Blessed are the poor, because they’re easy to railroad into jail.

Blessed are the meek, because they don’t fight back.

In the new Ottawa, morality is a fluid thing, and the teachings of Our Savior are honoured in the breach.

Our family values Minister of Public Safety turns out to be a fellow who should have kept a few safes in his pocket. Anonymous leaks have linked the minister to an alleged affair with his children’s babysitter… at the same time he was lecturing the rest of us on the sanctity of marriage during the same-sex marriage debate.

Now he’s back-peddling on his plan to snoop into our Internet habits after saying privacy activists are in league with child pornographers.
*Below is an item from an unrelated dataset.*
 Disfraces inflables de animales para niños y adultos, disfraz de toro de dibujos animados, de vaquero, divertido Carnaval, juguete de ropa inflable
Then comes a story about a very intricate, and extremely deniable, scheme to “ratfuck” the Liberals and NDP in the last election.

Ratfucking first surfaced in the 1972 US presidential election. It was coined by Nixon’s little creeps to describe the ways they screwed over their opponents. Most of this scandalous behavior seems quaint today: cancelling hall bookings; sending dozens of unwanted and unpaid-for pizzas to opposition rallies. But after Richard Nixon promised to purge all the bad apples out of his campaign, the chief ratfucker, Donald Segretti, went to prison.

Now political campaigns are veritable rat orgies. Every little political hustler wants to be the next James Carville, the hateful alien-looking man who played Igor to Bill Clinton’s Dr. Frankenstein. At best, they run “war rooms” where they play “gotcha” with their opponents. The press, often as shallow and amoral as the campaign hustlers, feeds on the crap spewed from these War Rooms and helps turn politics into a sick game.

Now it turns out the Tories were infiltrated by a rogue staffer who somehow raised a load of dough, organized a scheme involving robocalls from a Tory-friendly call centre in Calgary, and personally, without anyone else knowing and with certainly no approval, ran it.

Voter suppression is a big part of the Republican playbook in the States, and it’s pretty clear that it’s come to Canada, along with another dirty tricks.

Like the calls to the Montreal riding of Liberal MP Irwin Cotler. He’s one of the most effective critics of the Conservatives’ law-and-order agenda. A respected legal scholar, Cotler served as minister of justice in the last Liberal government.

The callers told Cotler’s constituents that he wasn’t running again. At the same time, the defeated Tory candidate acted like he’d won. He set up constituency meetings and told voters he’s looking after their interests in Ottawa.

Andrew Scheer, the Speaker of the House of Commons, said there was no foul because there was no harm. Sort of like a bank heist gone wrong, where a gun is pulled and the teller laughs it off as a fake. Nope, nothing happened.

You better sit back and enjoy what’s happening to this country, because all we’re seeing is a ramped-up version of the thuggery of the Chrétien years. The Liberals had nearly a century in power to learn how to apply some subtlety to their sleaze. And the NDP really has no plans to make things work better. They have their own coven of campaign creeps and sleazy spinners.

You could take up pot smoking, but you’ll face Justice minister Rob Nicholson’s new mandatory jail terms. You could start a blog, but Vic is watching. You could protest and be held up to ridicule on Sun TV and beaten like a pinata on fascist blogs.

You can tell I’m in a pissy mood this week. But it’s become very obvious to me that we have to take back this country. Not “we” in the sense of an ideology, but “we” as people. Enough of the ratfuckers, the spin doctors and those who would undermine democracy and its handmaiden, a free press.

Maybe we’re too fat, too comfortable, and too scared. By the time this regime plays out, I suspect we’ll lose two out of three excuses.